Bungaree Path Extension on north side of Middle Head

There has been concern expressed by regular users of Cobblers Beach that persons or organisations unnamed are lobbying to have a public path routed westbound down to the grassed area at Cobblers Beach, then up the unmade roadway and then west to the Royal Australian Naval Base and up Middle Head Road.

The cost of creating such a path, to modern standards, down the very steep rocky slope north and east of Cobblers Beach would make this a very expensive route, and would mean it would be very difficult for older people or anyone with mobility issues, and totally inaccessible to wheelchairs.

NSW National Parks and Wildlife Service, being a government service, has to do all their projects to the very highest standards,  which includes making them accessible as much as possible to people who have mobility challenges.

Fig. 1 Proposed route for extension of Bungaree Path around the North East of Middle Head and west around Cobblers Beach

My own recommendation is that the new path around the northern tip of Middle head then west to Naval Base is routed above the 20 metre contour. This would avoid the huge cost of expensive, elevated galvanised metal decking and stairs, such as was installed west of the Naval Base to link Georges Heights to Balmoral Beach.

I have already had positive discussions with Sydney Harbour Federation Trust (SHFT) about routes for the extensions to their existing Bungaree Pathway, where it exists on land controlled by SHFT.  Back in January 2017 they told me that it was almost impossible for them to have any meaningful discussion with staff at NSW National Parks and Wildlife Service, because all the future planning was being done in the NSW Office of Environment & Heritage.If people want to ensure that Cobblers Beach remains a clothing optional beach then they need to be prepared to support a campaign for an acceptable, practical, economic route for the extension of the Bungaree Pathway around the northern side of Middle Head, past Cobblers Beach.

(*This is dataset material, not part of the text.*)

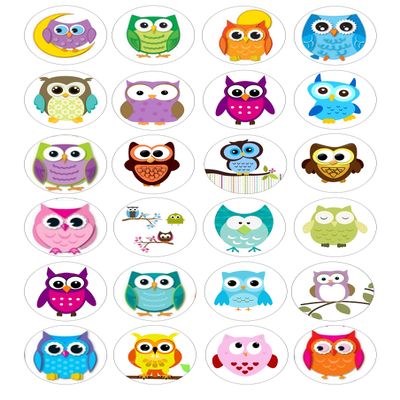 24 PRE CUT Owls moon style kids childrens party decorations edible Wafer Card rice paper Cupcake Toppers Cake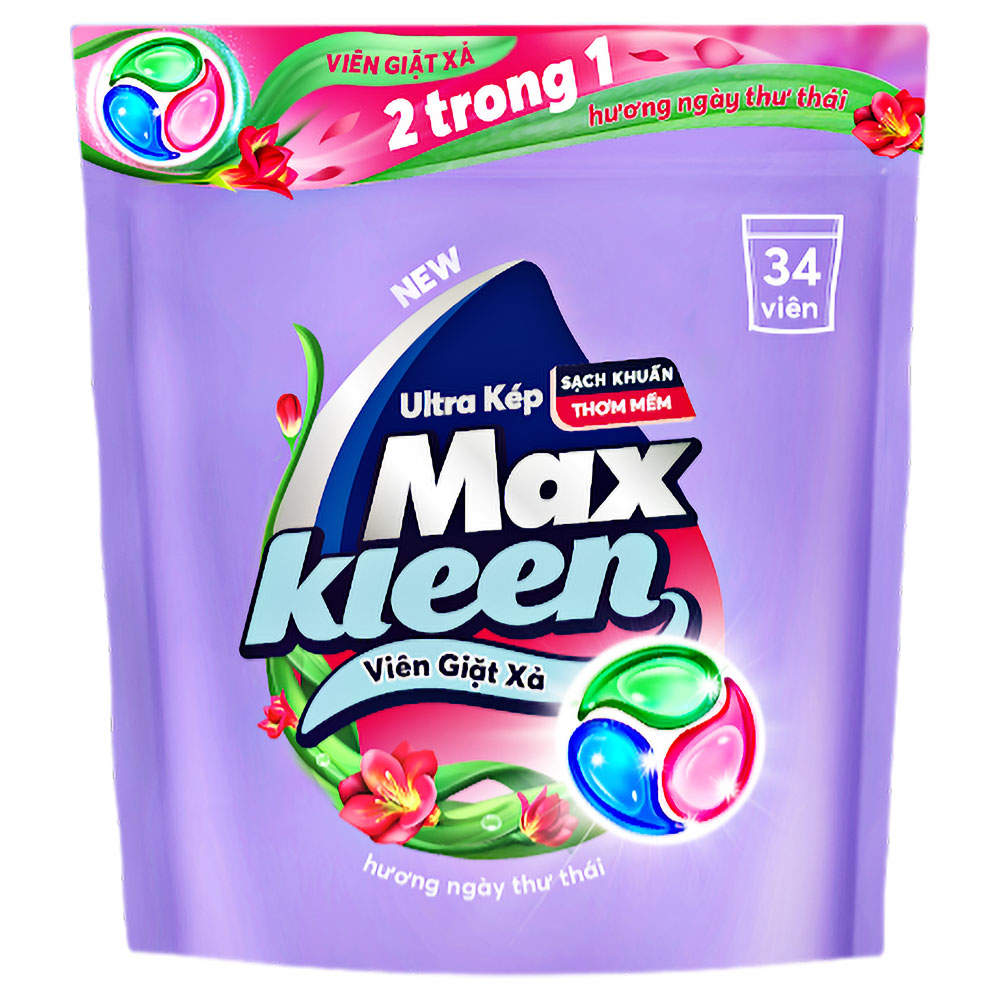 Viên giặt xả Max kleen  thư thái túi 34 viên 15g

I would welcome your comments or feedback on my recommendations.  If we can establish a broad consensus amongst regular users of Cobblers Beach then it becomes much easier to lobby NSW Office of Environment and Heritage,  who published their Master Plan for Middle Head last year.

John Young
Cubba Cubba Project


Developing Middle Head as the jewel in the crown of Sydney Harbour

The community of Mosman united to oppose the 10 Terminal Regiment HQ complex of buildings on Middle Head being used for an aged care facility,  which would have been a serious breach of the Sydney Harbour Federation Trust Act.

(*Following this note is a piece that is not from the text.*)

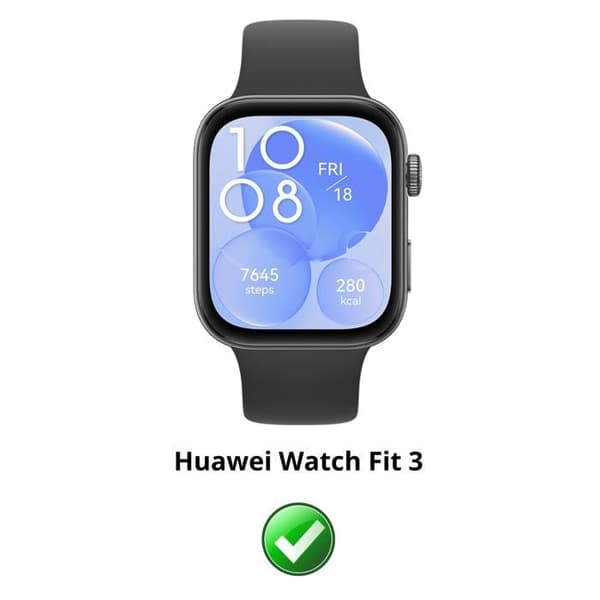 Coque kompatibel Huawei Watch Fit 3 - Hårdt beskyttende gennemsigtig etui med hærdet glas Phonillico®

It is now time to consider a serious appropriate re-use for 10 Terminal, that respect the heritage value of the brick buildings that form this complex, that allow complete free movement of members of the public through all the open spaces between the separate buildings, that will allow the re-establishment of natural vegetation for an appropriate landscape on Middle Head, when seen close up, from a passing ferry or recreation vessel, or from Dobroyd Head, North Head or South Head.

Middle Head dominated the entrance to Port Jackson when the First Fleet arrived on 26-jan-1788.  It is an important piece of national heritage, that should not be spoiled by poor quality new buildings that breach the Trust Act applying to Middle Head.  The First Australians in the northern Sydney region knew Middle Head as Cubba Cubba.  It has important natural values that can be leveraged to create an exciting new concept in tourism for both interstate and overseas visitors – natural bushland just 20 minutes by ferry from Circular Quay, fabulous bird life, still populated with native fauna, and located convenient to Taronga Zoo, for tourists who like to pack a lot into each of their few days in Sydney.

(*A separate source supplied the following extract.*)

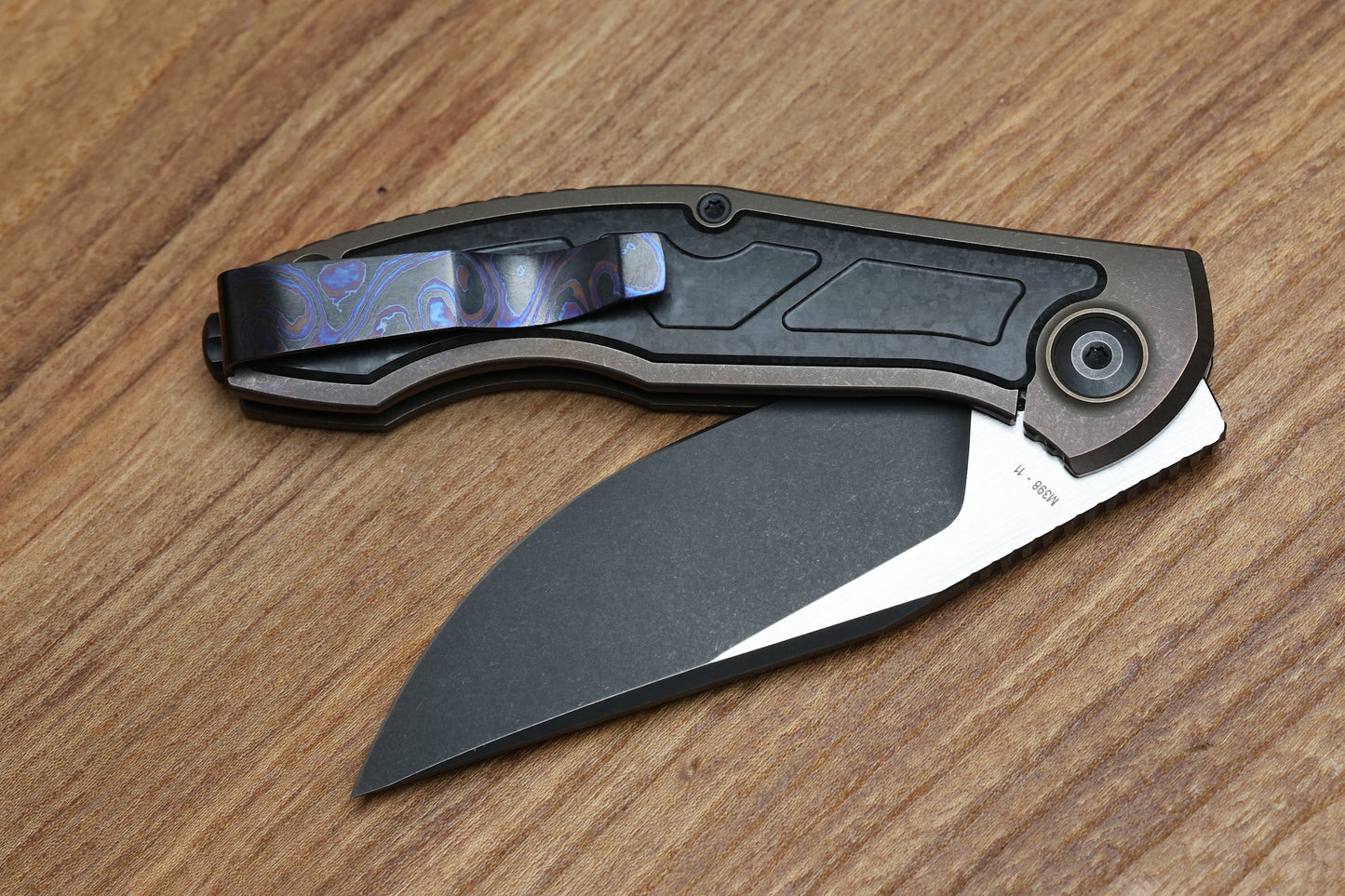 CUSTOM KNIFE FACTORY VEKSHA HD CARBON FIBER & BRONZE TITANIUM HANDLES W/ TWO TONE M398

The community also needs to consider the historic significance of this site – as country for the Gamaragal people in 1788, and as the first military base on the Australian coast, dating from 1801.  In 1815 Governor Lachlan Macquarie set up about 70 Indigenous people from all over the Sydney region, led by Bungaree,  after the small pox wiped 90% of the First Australianss within 3 years, according to some historians.  Macquarie wanted to remove these people from the growing dangers of European settlement around Sydney Cove.  He hoped to turn them into farmers and fishermen who would live on Middle Head on the land he grant he granted to them, with simpl farming tools, a boat for fishing, and whose excess food could be sold back in the British settlement.

Of cousce Bungaree’s Farm was doomed to failure from the start, because of the totally unsuitable soil, poor tools and lack of any experienced farming skills in the Colony to teach them.  But Bungaree’s mob used their thousands of years experience of catching fish in and around the edges of Sydney harbour to start generating a supply of fresh fish that could be sold to hungry “redcoats”, trustee convicts, the few free settlers and of course the Officers who lived around Sydney Cove.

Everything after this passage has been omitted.